After getting set up we had a walk down to the village, risking life and limb as the road is narrow and there are no paths for pedestrians. It's only a small community with just one shop. Being keen to support such small shops I bought a couple of Eccles cakes which cost me over three pounds. To top it all, one of them was over-cooked and burnt right across the bottom.
Once back at the campsite we decided to take a walk down towards the Muckleburgh Military Collection.
Situated at former Royal Artillery Anti-Aircraft training camp at Weybourne on the North Norfolk coast The Muckleburgh Military Collection https://www.muckleburgh.co.uk/ , opened in 1988, is the UK's largest privately owned military museum, boasting over 120 tanks, guns and vehicles in addition to thousands of other items, even missiles and military aircraft. The vehicles on display have come from far and wide; Russia, Norway, Italy, Czechoslovakia, Belgium, Holland, Eire, Syria, Kuwait, Israel, the Falkland Islands, the United States and Iraq. Most of The Collection's vehicles have undergone restoration to ensure they are kept in working order. Other fine exhibits include historic memorabilia from The Suffolk and Norfolk Yeomanry, RAF Reconnaissance, Air Sea Rescue and Marine Craft, and a unique collection of naval and civilian ship models. There is a Restaurant and Shop and visitors have the opportunity of seeing a tank demonstration and of enjoying a bumpy coastal ride in an American Gama Goat personnel carrier. A children’s play area and picnic site give all members of the family an exciting day out.

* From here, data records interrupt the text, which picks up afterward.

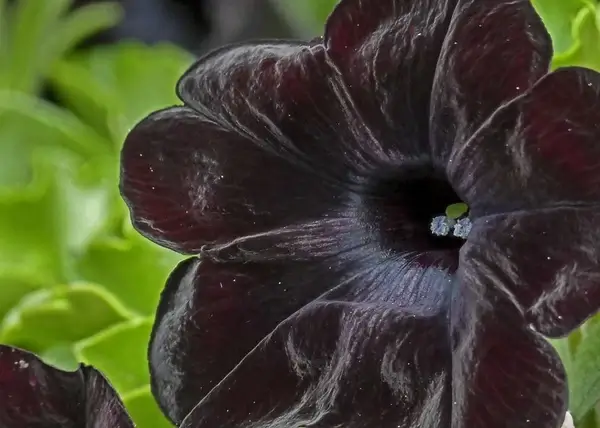 deep red black black flower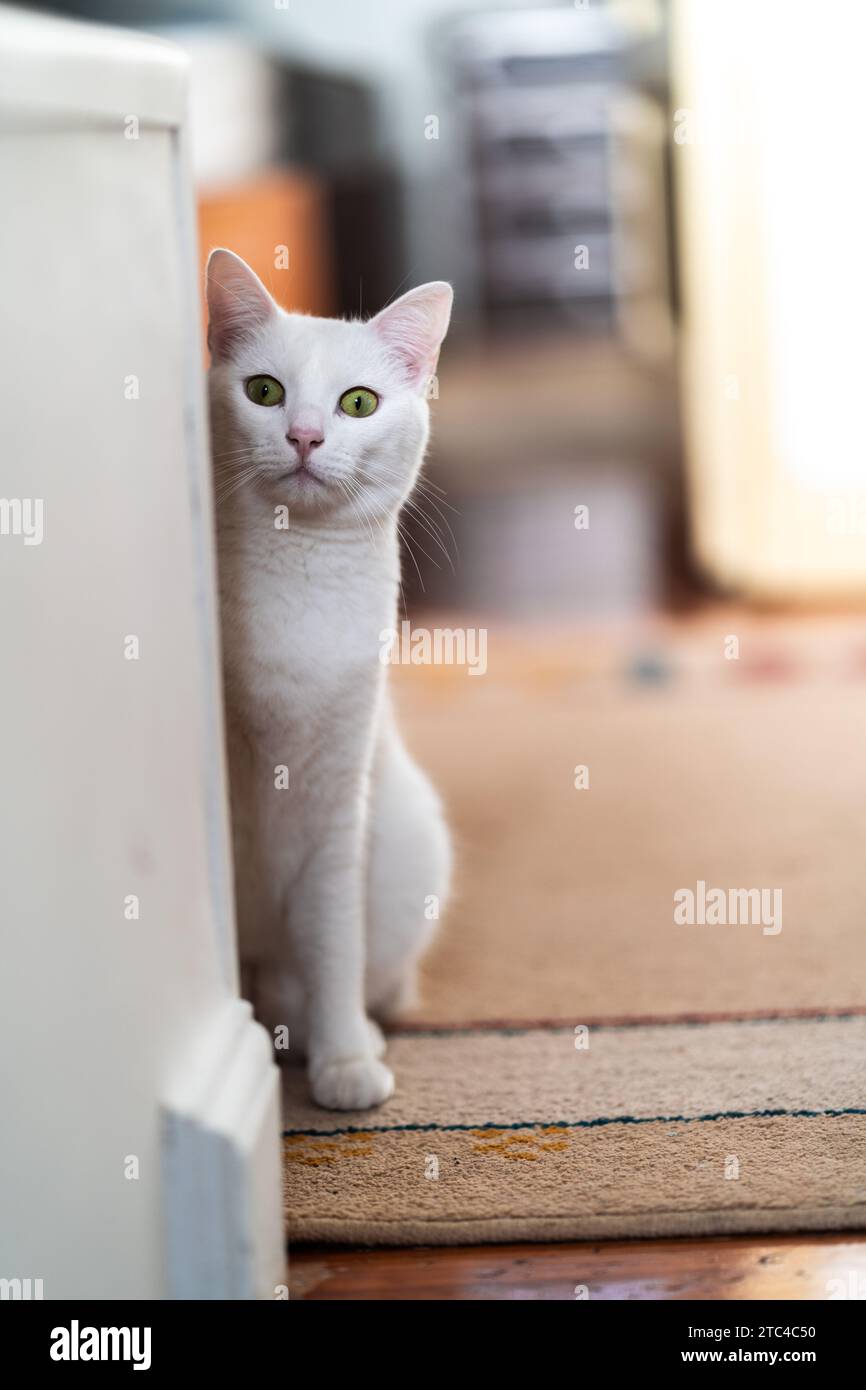 La mia splendida gatta, con pelliccia setosa e occhi luminosi, si posa in una posa graziosamente curiosa. Una bellezza felina personificata, illumina lo spazio. Foto Stock
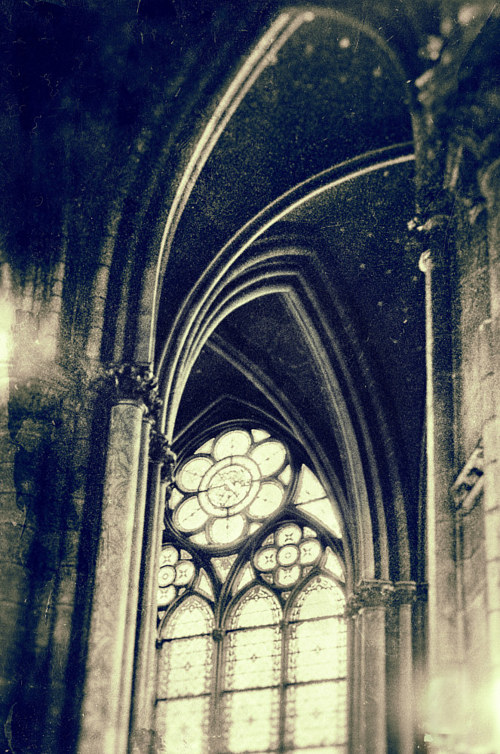 An analogue photograph of the Notre Dame cathedral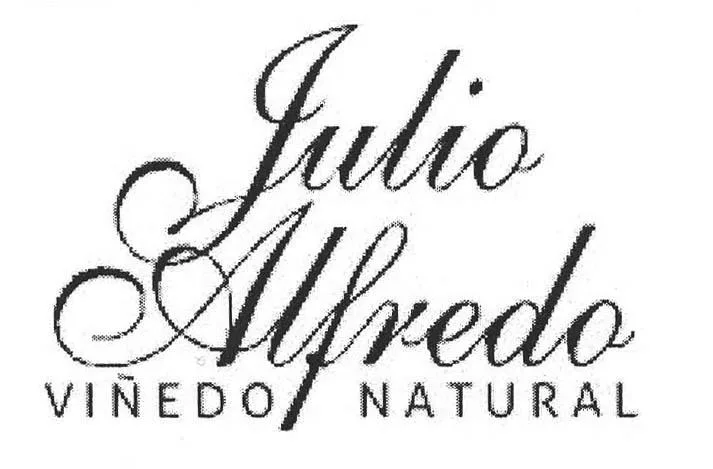 JULIO ALFREDO VIÑEDO NATURAL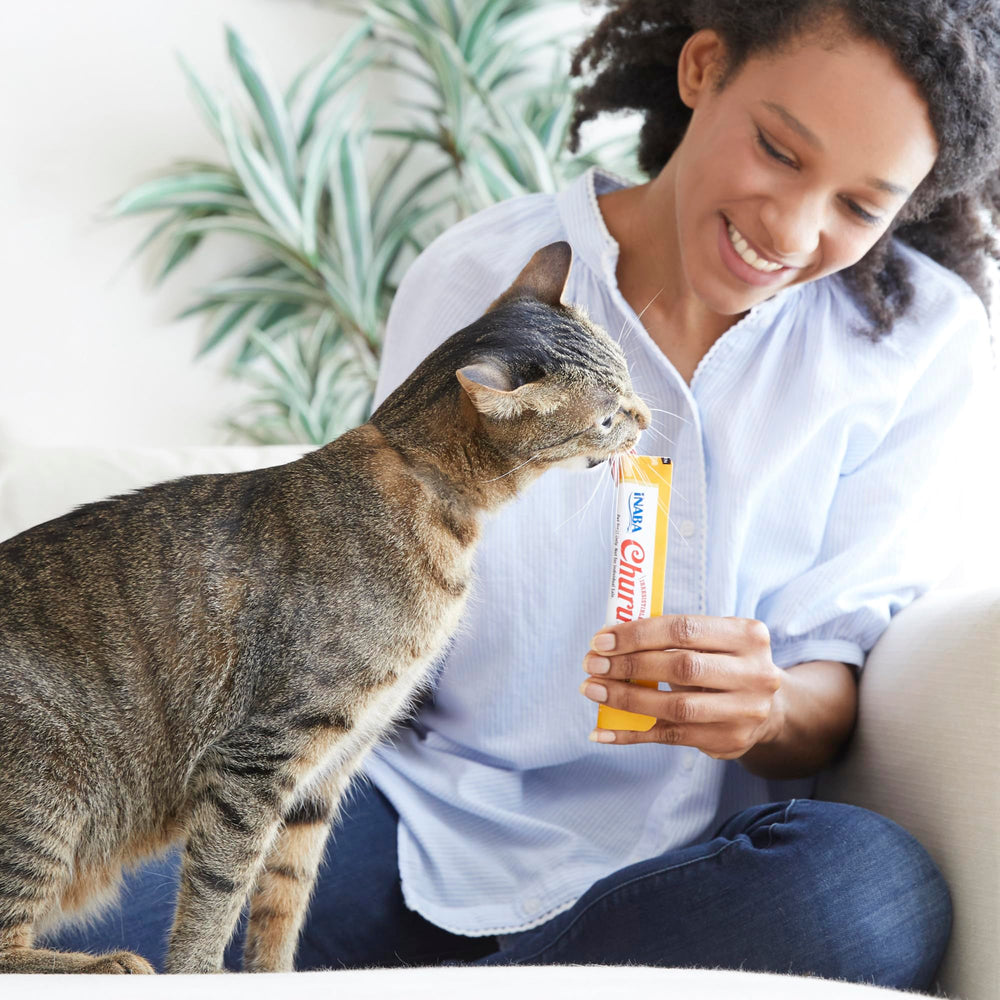 INABA Churu: boîte poulet variété pour chats gourmands.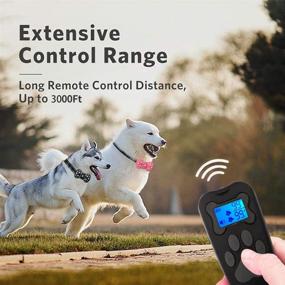 img 2 attached to 3000Ft Remote Range Dog Training Collar with Beep Vibration and Shock - Ideal for Small, Medium, and Large Dogs Training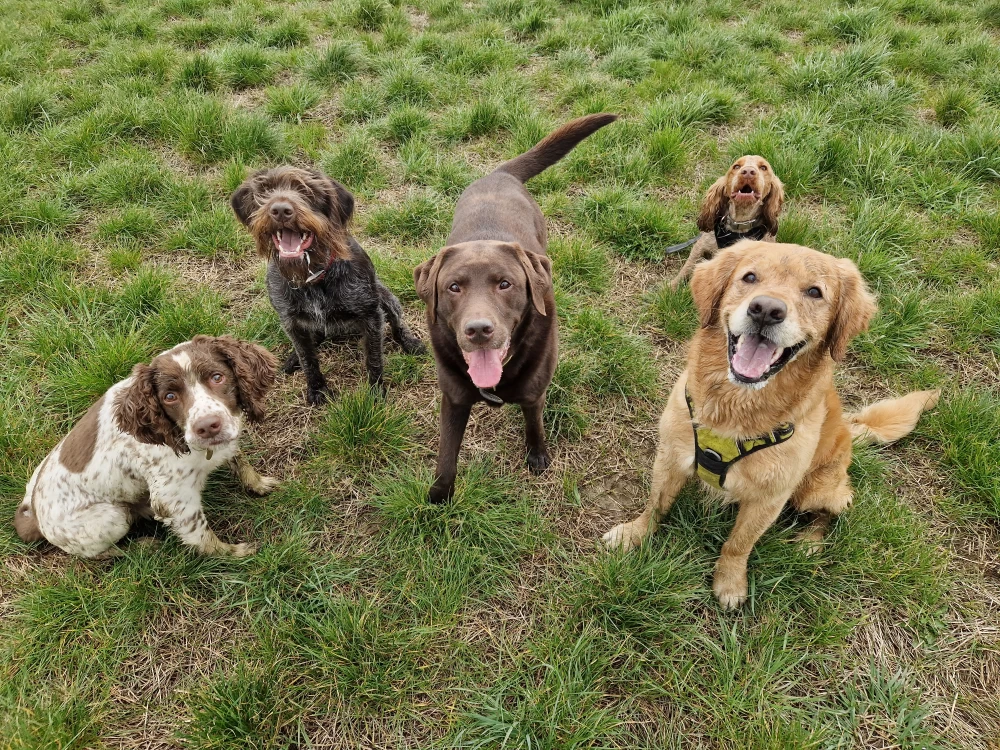 Image of Katie's K9's service in Vale of White Horse, England, United Kingdom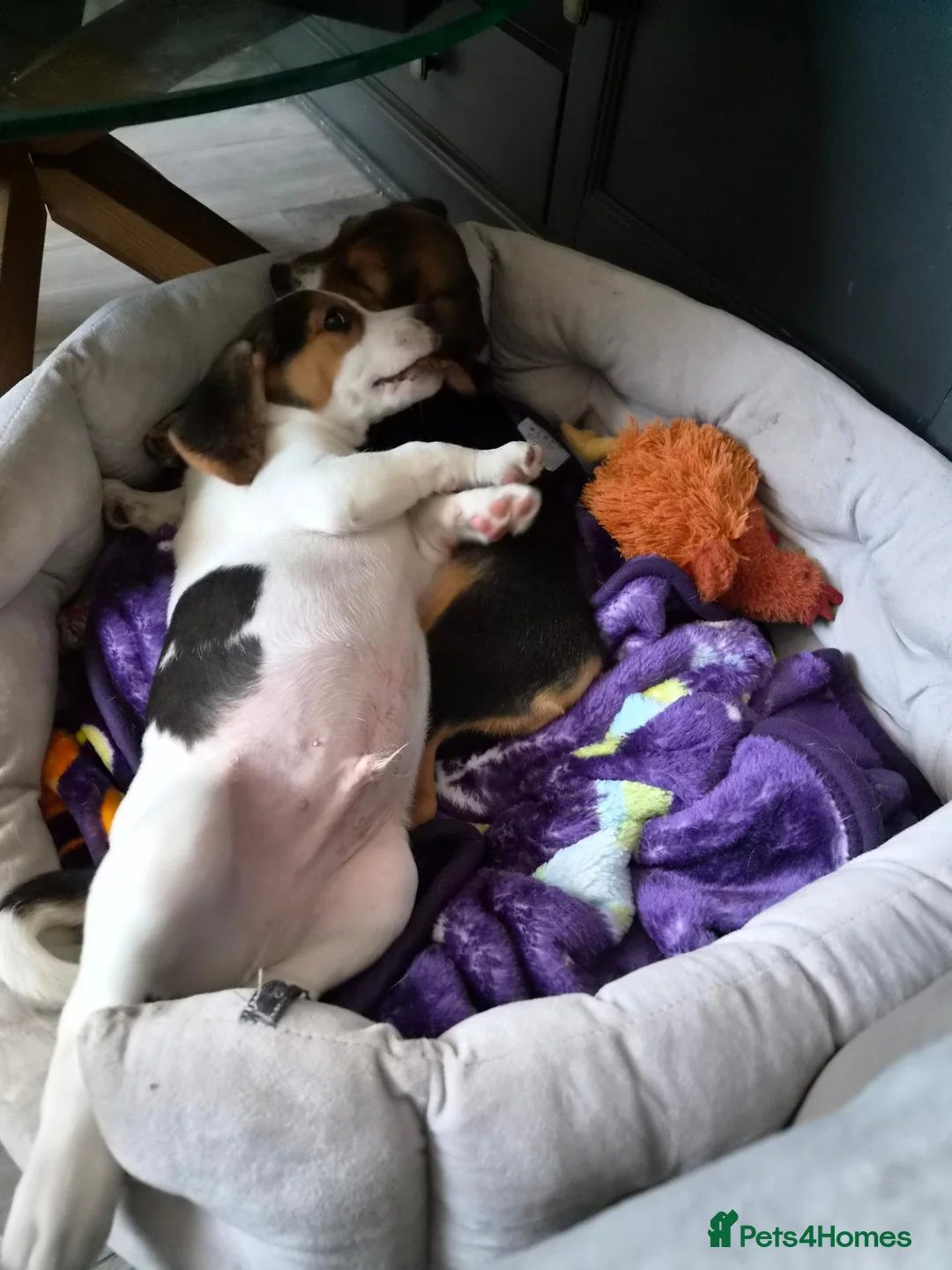 Beagle dogs for sale: Male beagle puppie  - Advert 2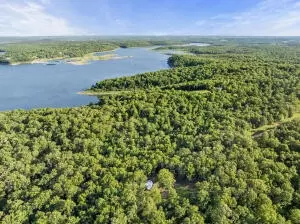 * Persimmon, Lead Hill, AR 72644 photo 8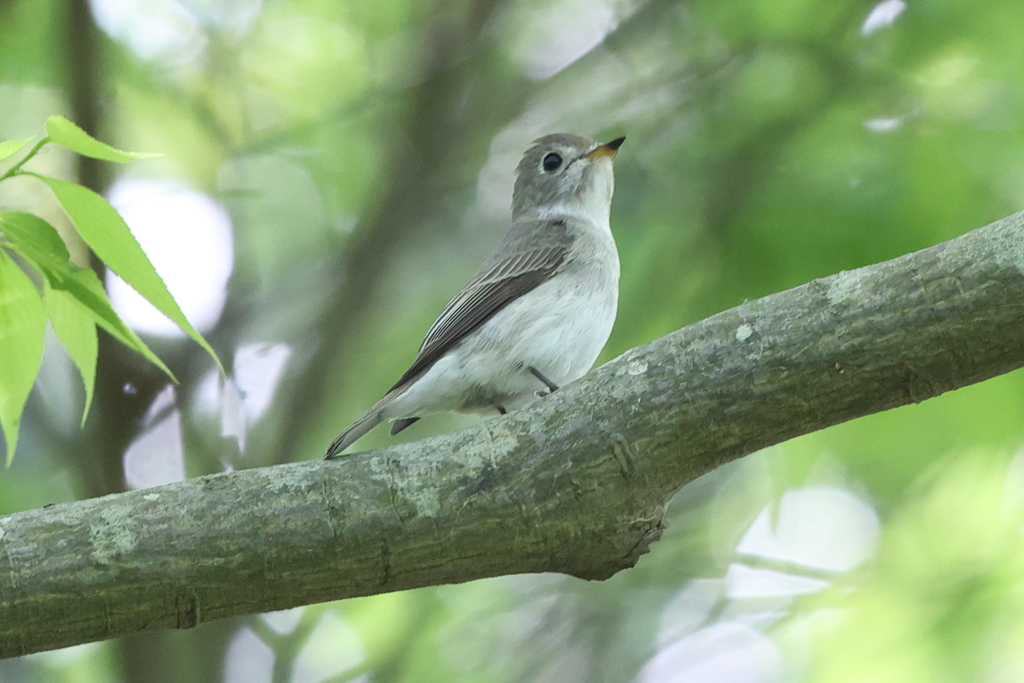 5月6日 明石公園 10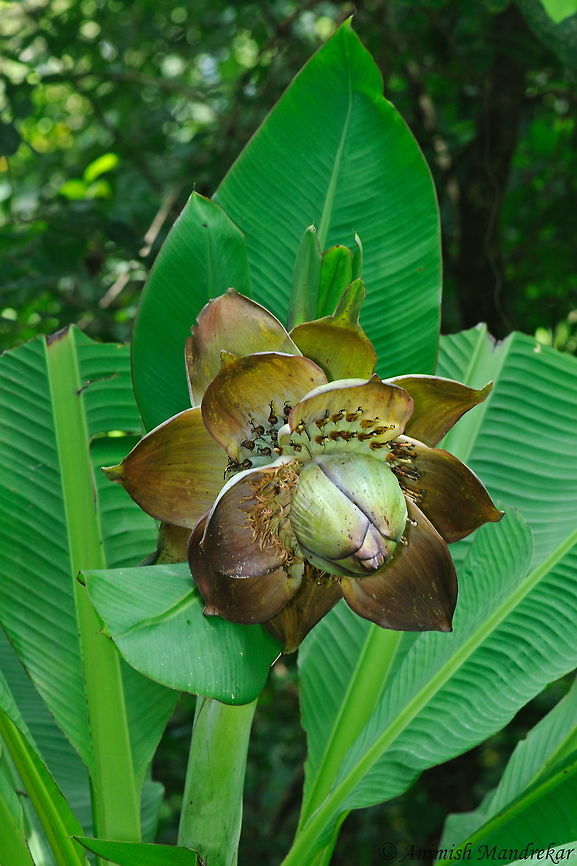 Ensete superbum Wild Banana species from Western Ghat Ensete superbum,Fall,Geotagged,India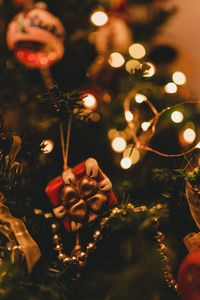 Close-up of illuminated christmas tree at night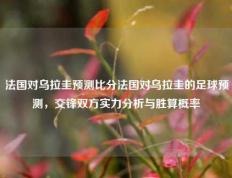 法国对乌拉圭预测比分法国对乌拉圭的足球预测，交锋双方实力分析与胜算概率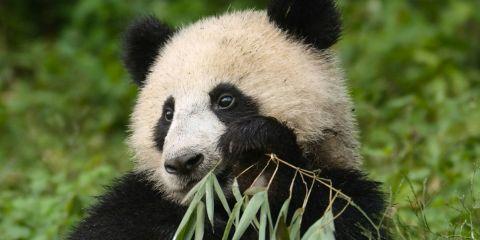 工作忙到没时间保养?那让我们一起从「吃」来改善黑眼圈吧!今天本篇来教你几道简单又养颜的小食谱，让你在忙碌生活中也能轻松吃出亮眼好气色。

I think the blurb bigs it up a bit. I understand most exhibits are in the sheds, but what could be seen behind the fence bordered on scrap metal. Never mind, I have no intention of visiting the museum, much to the relief of The Chef.
This evening we dined on ribs, chips and salad which I washed down with a few glasses of liquid grapes.
Tomorrow we intend to walk down to the beach which is about thirty minutes away, and go for a nice long walk down there.